Vayikra
The guilt offering, asham, concludes this week’s Torah
portion of Vayikra, the first reading in the Book of Leviticus. It follows the details for the burnt, meal
and well-being offerings, regular sacrifices that were offered on a daily
basis. The sin and guilt offerings, by
contrast, were only performed when the need arose.
They were offered when there was a wrongdoing to
correct. It should be noted that,
despite popular belief, such rituals never offered remedies for intentional
wrongs. One can never say, “I will steal
this or that and then bring some really beautiful turtledoves or pigeons, sheep
or goats, to the Temple
to mend my ways.”
The asham sacrifice was therefore about remedying unintended
wrongs. When people realized their
wrongdoing they would then bring this guilt offering. The chapter offers a litany of wrongs for
which the guilt offering helps to make amends.

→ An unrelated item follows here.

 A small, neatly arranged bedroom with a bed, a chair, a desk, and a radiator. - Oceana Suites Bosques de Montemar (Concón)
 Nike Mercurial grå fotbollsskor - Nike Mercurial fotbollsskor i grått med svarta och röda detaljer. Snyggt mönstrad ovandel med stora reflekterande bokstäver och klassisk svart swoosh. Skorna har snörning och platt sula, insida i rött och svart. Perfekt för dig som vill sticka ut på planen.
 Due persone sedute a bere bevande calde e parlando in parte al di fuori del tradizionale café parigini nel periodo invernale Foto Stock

Each concludes with the refrain: “…though he has known it, the fact has
escaped him, but later he realizes his guilt.”
In other words the wrong was originally overlooked or perhaps forgotten,
but then later recalled. The Torah
offers a corrective, the asham, the guilt offering.
Yet such situations occur far more frequently than the
portion suggests. How often do we lie
awake at night and say, “I really should not have said that.”? We awake and discover ourselves plagued by
guilt feelings. If only there was an
asham sacrifice to offer come morning.
Contemporary culture however suggests that we disavow and distance
ourselves from these guilty feelings.
Guilt prevents us from realizing our potential; it stands in the way of
personal fulfillment.
How many unintended wrongs remain then lingering to be
remedied? Perhaps this was the purpose
of the asham sacrifice. To be sure it
often sought to make amends for ritual wrongs. “When a person touches any
impure thing…” Then again it could serve
as a goad to action, a prompt that we seek out those we have wronged. The animal is brought before the altar and
the sin is confessed. The Hebrew hints
at the offering’s greater purpose. The
verb to confess is reflexive. It is as
if to say, “One shall admit to oneself.”
Our feelings of guilt lead to such an admission. Rather than burying these feelings, ignoring
them or even viewing them as the root cause of psychological crisis, we should
look instead at this angst as our contemporary offering. We should allow it to motivate and move us to
greater good. Freeing ourselves of guilt
could perhaps lead to greater personal fulfillment. But there is always a cost.
The price is our relationship with others.
The Hebrew for sacrifice is korban. It derives from the word to draw near. To the ancient mind the purpose of the
sacrifices was to draw nearer to God.
Perhaps the lesson of the sacrifice is that they can also help us draw
near to others.
Guilt feelings are sometimes the beginning of repair. And repair is often all that relationships
require.
This could be our greatest of offerings—in any age.